PlnPCAcollection
- class pyPLNmodels.PlnPCAcollection(endog: Tensor | ndarray | DataFrame, *, exog: Tensor | ndarray | DataFrame | None = None, offsets: Tensor | ndarray | DataFrame | None = None, offsets_formula: str = 'logsum', ranks: Iterable[int] = range(3, 5), dict_of_dict_initialization: dict | None = None, take_log_offsets: bool = False, add_const: bool = True)
Bases:
object
A collection where value q corresponds to a PlnPCA object with rank q.
Examples
>>> from pyPLNmodels import PlnPCAcollection, get_real_count_data, get_simulation_parameters, sample_pln >>> endog, labels = get_real_count_data(return_labels = True) >>> data = {"endog": endog} >>> plnpcas = PlnPCAcollection.from_formula("endog ~ 1", data = data, ranks = [5,8, 12]) >>> plnpcas.fit() >>> print(plnpcas) >>> plnpcas.show() >>> print(plnpcas.best_model()) >>> print(plnpcas[5])

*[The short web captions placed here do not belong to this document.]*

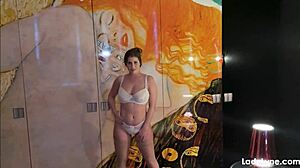 Lady Lyne showcases her curvy figure in a captivating display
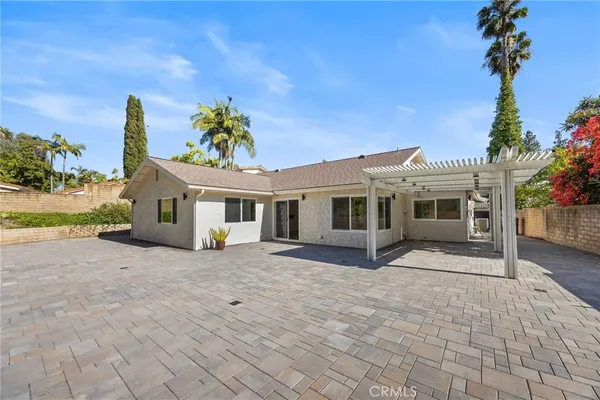 a view of a house with a yard and potted plants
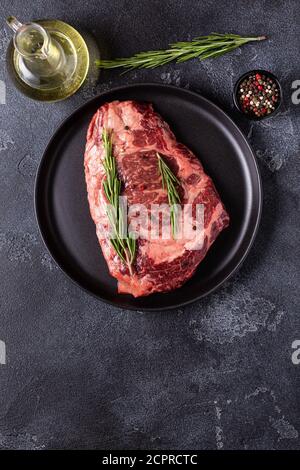 Bistecca di manzo fresco crudo su piatto nero, vista dall'alto. Foto Stock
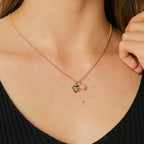 model wearing a small pink quartz and flower pendant necklace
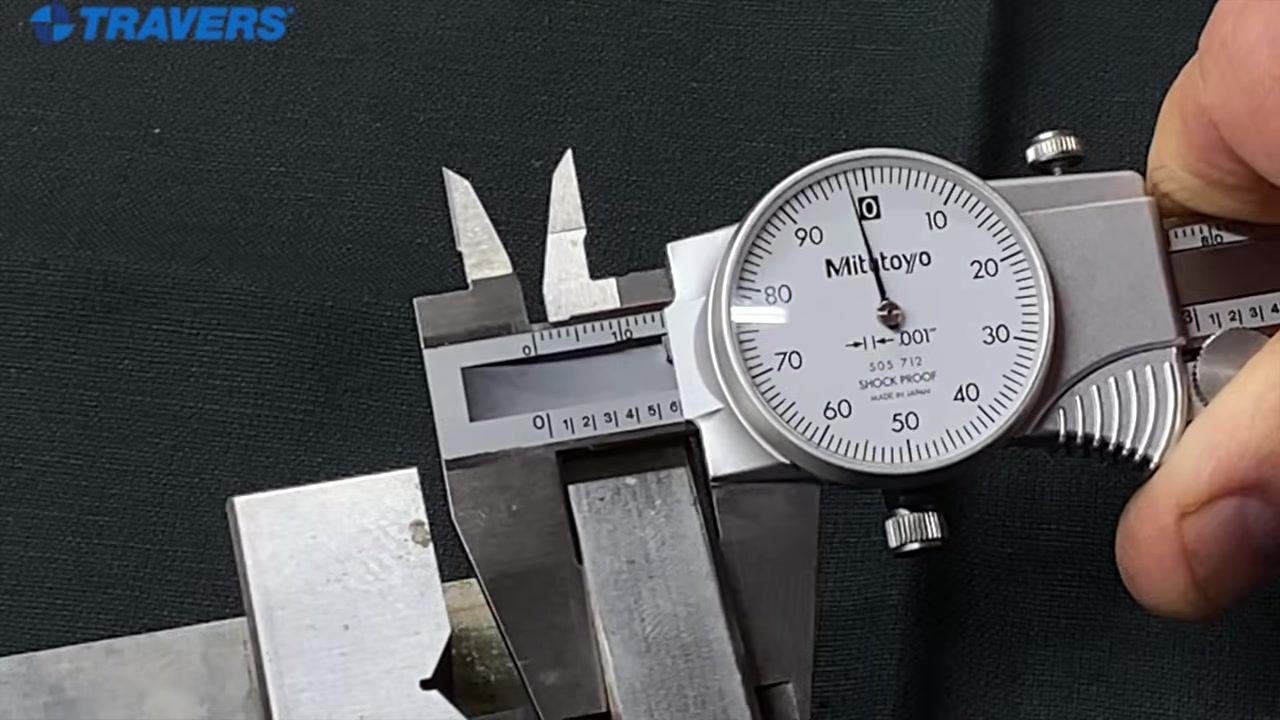A hand holding a Mitutoyo dial caliper with the thumb on the adjustment wheel and the jaws positioned around a metal object.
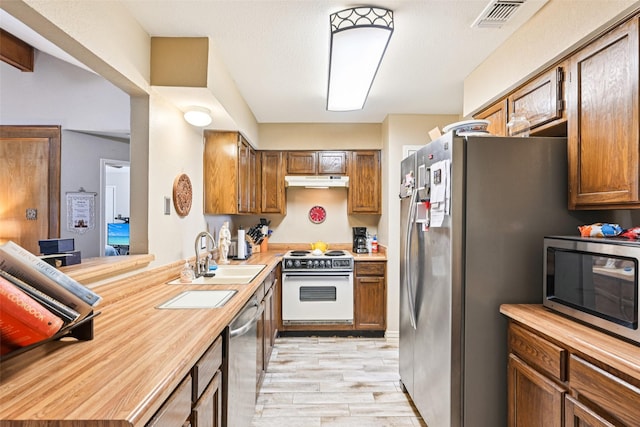 406 Anice Ln, Euless, TX 76039 - kitchen featuring appliances with stainless steel finishes, light wood finished floors, under cabinet range hood, and wood counters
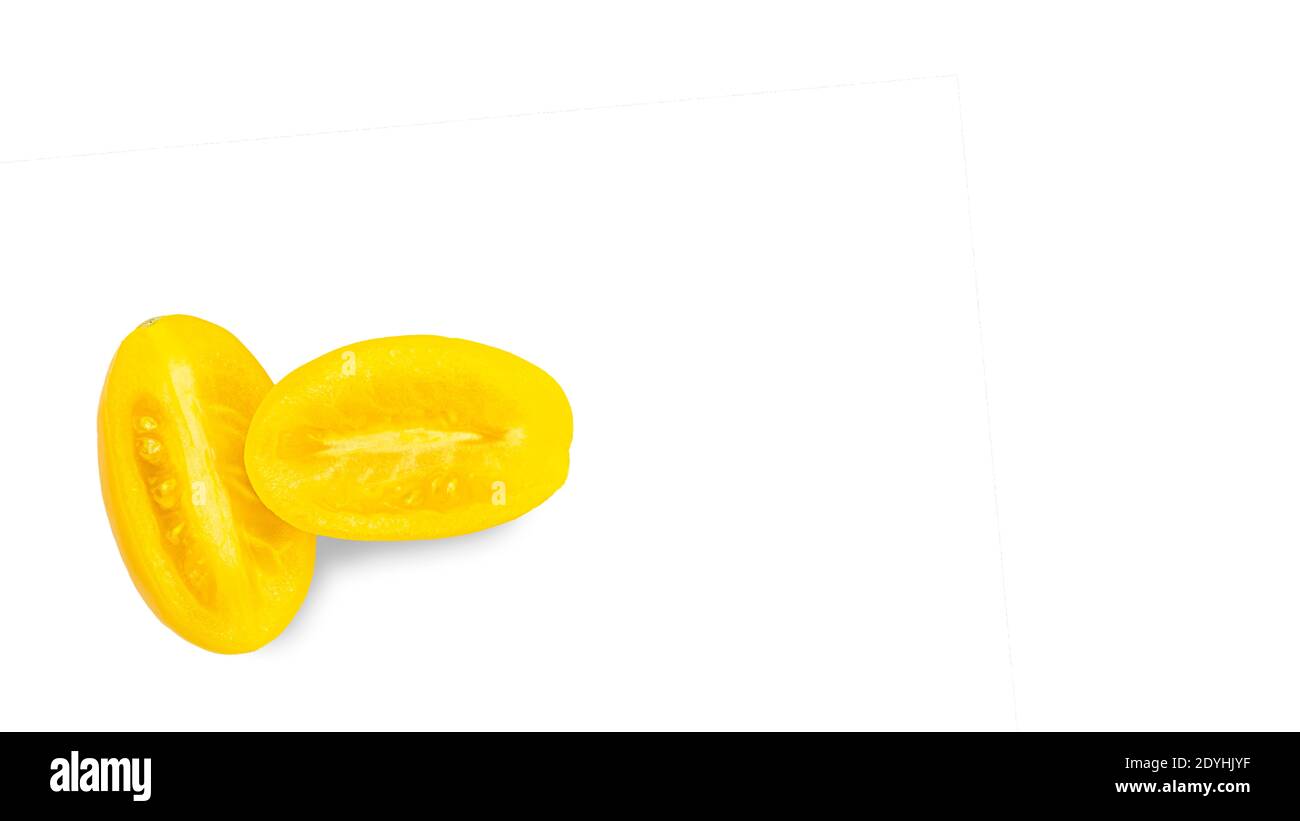Yellow tomato elongated shape on a white background. Tomato variety Golden lemon or Akmore Treasure. High quality photo Stock Photo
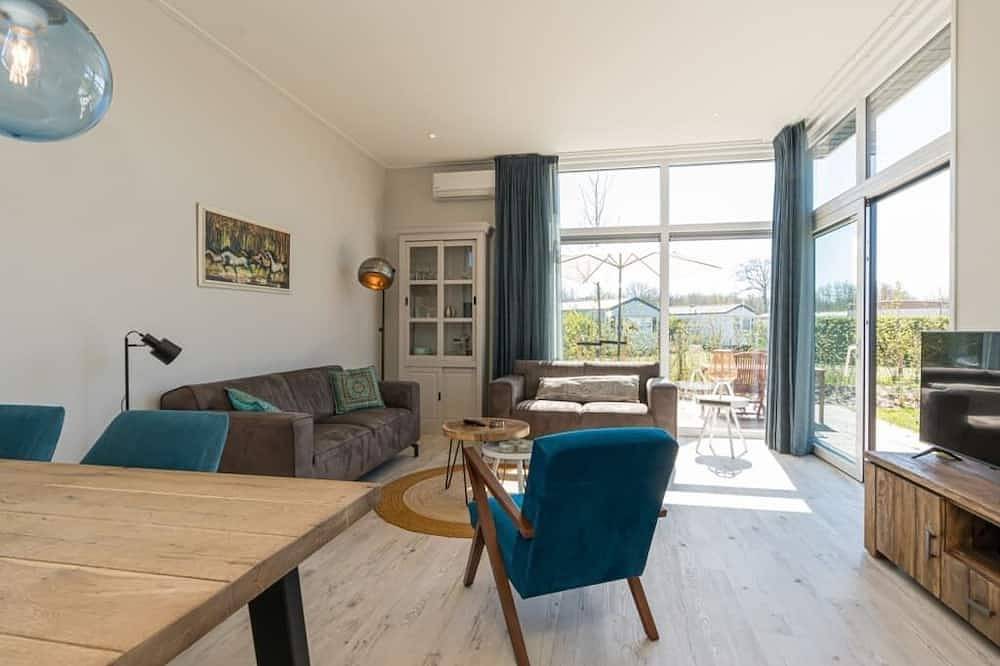 Dieses Chalet für 4 Personen heißt Sie am Rande des Parks willkommen. Das Chalet verfügt über ein mo in Burgh-Haamstede, Zeeuwse Kust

>>> plnparam = get_simulation_parameters(n_samples =100, dim = 60, nb_cov = 2, rank = 8) >>> endog = sample_pln(plnparam) >>> data = {"endog":endog, "cov": plnparam.exog, "offsets": plnparam.offsets} >>> plnpcas = PlnPCAcollection.from_formula("endog ~ 0 + cov", data = data, ranks = [5,8,12]) >>> plnpcas.fit() >>> print(plnpcas) >>> plnpcas.show()
See also
- property AIC: Dict[int, int]
Property representing the AIC scores of the models in the collection.
- Returns:
The AIC scores of the models.
- Return type:
Dict[int, int]
- property BIC: Dict[int, int]
Property representing the BIC scores of the models in the collection.
- Returns:
The BIC scores of the models.
- Return type:
Dict[int, int]
- __init__(endog: Tensor | ndarray | DataFrame, *, exog: Tensor | ndarray | DataFrame | None = None, offsets: Tensor | ndarray | DataFrame | None = None, offsets_formula: str = 'logsum', ranks: Iterable[int] = range(3, 5), dict_of_dict_initialization: dict | None = None, take_log_offsets: bool = False, add_const: bool = True)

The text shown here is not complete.